In the present embodiment, the processing procedure of step S4 is as follows:
s41, although the residual error network adopted by the Darknet53 can keep most of image characteristics, the image still loses part of detail characteristics in the deep network along with the continuous deepening of the network structure; for the problem, in the embodiment, by using the thought of a DenseNet residual error network for reference, a cross-stage dense connection structure is designed, so that the transfer capability of image detail features is enhanced, and the target positioning and identification effects are further improved;
s42: in order to ensure the calculation speed and the model inference time and consider the problem of deployment and application of the training model, a dense connection mode with very dense DenseNet is not adopted in the embodiment, but a dense connection structure with fast residual error spanning is adopted;
s43, specifically, the method comprises the following steps: respectively superposing the feature map after the first convolution of Darknet53 and the output feature maps of the 1 st, 2 nd and 3 rd residual error blocks to the input ends of the 2 nd, 3 rd, 4 th and 5 th residual error blocks through convolution operation, and adding four side-position residual error structures across the residual error blocks in total;
s44, in the DenseNet residual error network, the size of the feature map does not change along with the deepening of the network structure, and in Darknet53, the size has a down-sampling trend, so that the added side bit residual error in the embodiment is subjected to convolution operation with the step length of 2 and the convolution kernel size of 3x3, and the convolved feature map is subjected to batch normalization and nonlinear activation in the same way;
s45: the overlay mode adopted in this embodiment is different from the DenseNet residual error network, and Add connection is adopted in this embodiment.
The Darknet53 network is a network structure with a complex structure and large parameter quantity, in order to expand the receptive field, each residual block of the Darknet53 is connected by down-sampling, and although the connection mode of direct down-sampling expands the receptive field, the method is favorable for extracting features, but certain features are lost, and the method is not favorable for detecting small targets.
The cavity convolution adds a cavity expansion receptive field in a convolution kernel, so that the original convolution kernel of 3x3 has a receptive field of 5x5 or even larger under the same parameter kernel calculation amount; the hole convolution introduces a new hyper-parameter in the traditional convolution, namely the expansion rate, and the parameter defines the interval distance of numerical values in a convolution kernel; the normal convolution variance ratio is 1, and if the variance ratio is greater than 1, the field of hollow convolution becomes large. The receptive field of the hole convolution is shown in the formula:
n=k+(k-1)×(d-1)
where n represents the receptive field of the hole convolution, k represents the size of the convolution kernel, and d represents the hole rate.

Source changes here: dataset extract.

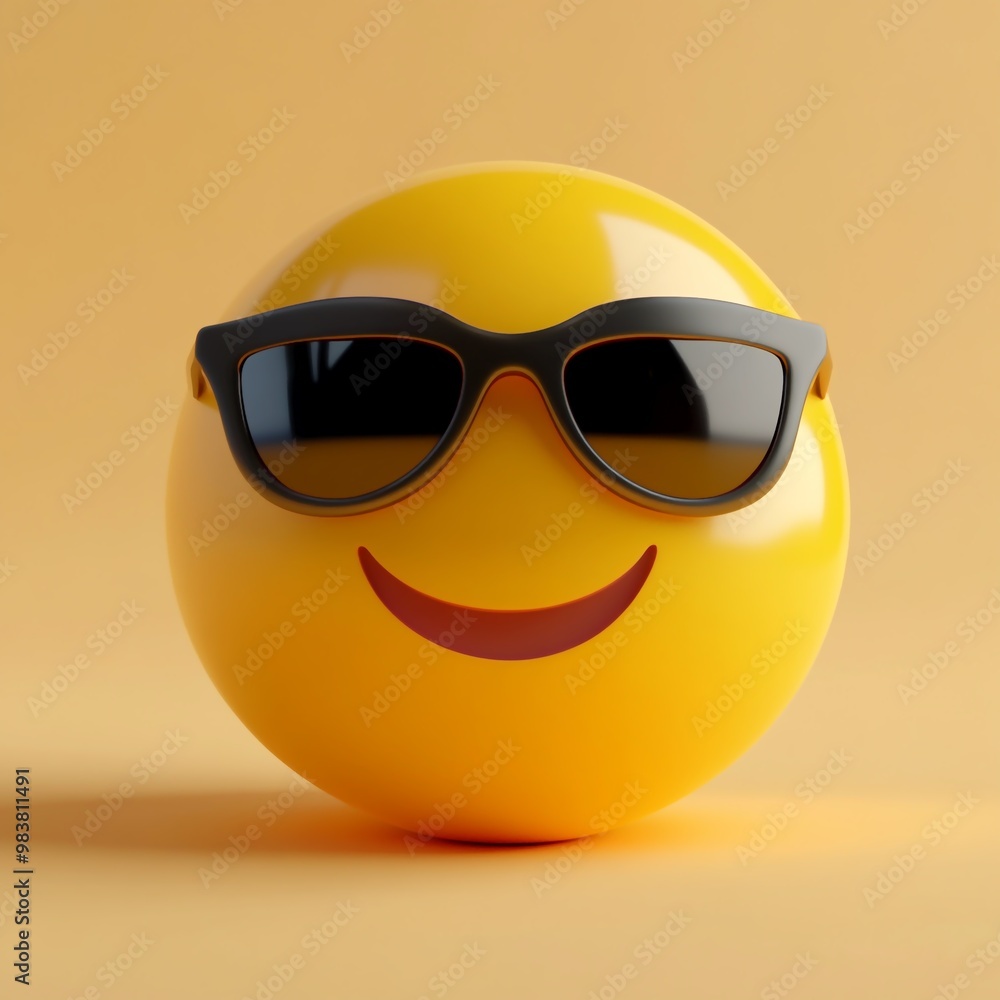 3D Emoji Icon: Cool Face with Sunglasses Illustration Logo 3D Emoji Icon: Cool Face with Sunglasses Illustration Logo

Although the cavity convolution can effectively enlarge the receptive field, the wrong cavity convolution can weaken the feature extraction capability of the network; firstly, in this embodiment, the hole convolution with the same specification is adopted for multiple times to replace the conventional convolution, which may cause a part of pixel information to be ignored and the continuity of information to be lost, which is fatal to the task of pixel-level dense prediction; secondly, the detection of a small target is adversely affected if the voidage is set too large, and the expansion of the receptive field is not obvious if the voidage is set too small; based on this, a three-branch cavity receptive field module-DP-module is designed in this embodiment, so as to increase the feature extraction capability of the network and improve the detection effect on small targets.
The characteristic output process of the cavity receptive field module is shown as a formula, wherein A1×1×(C/2)Representing the traditional convolution operation, the filter size is 1x1, and the number is C/2; b is3×3×CRepresenting the separable convolution operation of the void convolution and the depth, wherein the size of a filter is 3x3, and the number of the filters is C; represents a convolution operation; fH×W×CRepresenting an input feature map with width, height and channel number of H, W, C respectively.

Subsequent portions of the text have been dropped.